Monday, May 19, 2014
A Cookie "Show-And-Tell" for my Language Class
Remember back in grade school, when you had to do your first class presentation? Visual aids were always a good idea, in case you became tongue-tied or didn't have much to say.
That's exactly how I felt as I prepared to do a short presentation in my Slovenian language class. It was about losing and finding my heritage. A few short sentences in Slovenian. A powerpoint presentation, with some photos and my family tree.
And one more bit of "show-and-tell": some homemade Slovenian cookies. After all, food is an important part of the story. Not to mention the fact that my culinary skills are way ahead of my Slovenian language skills.

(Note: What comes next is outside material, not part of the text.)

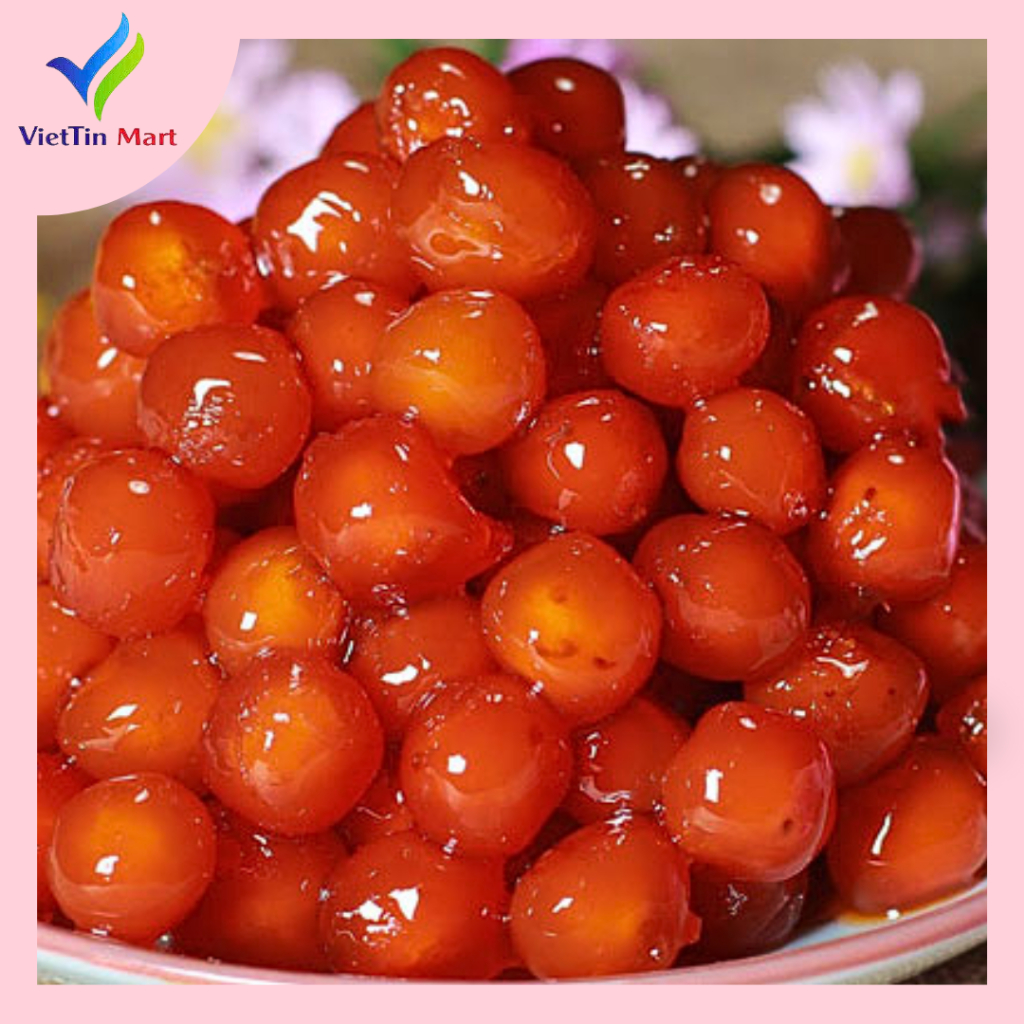 500GR [LONPET] CHÙM RUỘT RIM CHUA NGỌT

I decided to try something old and something new.
The old recipe? Buckwheat thumbprint cookies, or ajdovčki. An unusual cookie and not bad the first time around. I thought they might have been better if I had stuck more closely to the original recipe, from a young woman blogger in Slovenia. Walnuts and rum, instead of almonds and cognac. And maybe a touch more sugar.
So I made those few tweaks to the original recipe, and it did the trick. (Update: The new improved version is here.)

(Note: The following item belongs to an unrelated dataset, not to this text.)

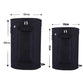 Waterproof Dustproof Propane Tank Cover Ventilated Gas Cylinder Protective Bag, Small, Large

The new recipe is from my latest vintage Slovenian American cookbook: Kuharice iz Willarda, or Cooking from Willard. It was compiled in the 1970s by a Slovenian language class in Willard, Wisconsin. My son found the old cookbook for sale online, assumed it must be written in Slovenian, and ordered it for me as a gift. The book turns out to be mostly in English, with a judicious smattering of Slovenian sayings and recipe titles. That made me smile. I would have fit right in to that Slovenian class.

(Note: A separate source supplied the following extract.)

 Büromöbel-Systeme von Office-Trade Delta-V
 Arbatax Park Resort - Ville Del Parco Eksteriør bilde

In that 1970s cookbook, I spotted a recipe called American Slovenian nut horns: little cookie/pastries, with a rich dough wrapped around a nut filling. Very similar to many other Slovenian recipes I had seen before--and also to ruggelach, a Jewish favorite I had made many times. But there was one interesting (and healthy) difference: cottage cheese instead of the more usual cream cheese in the dough. (Update: the nut horn recipe is posted here.)
Recipes will follow soon.
Meanwhile, I have to get back to my Slovenian homework.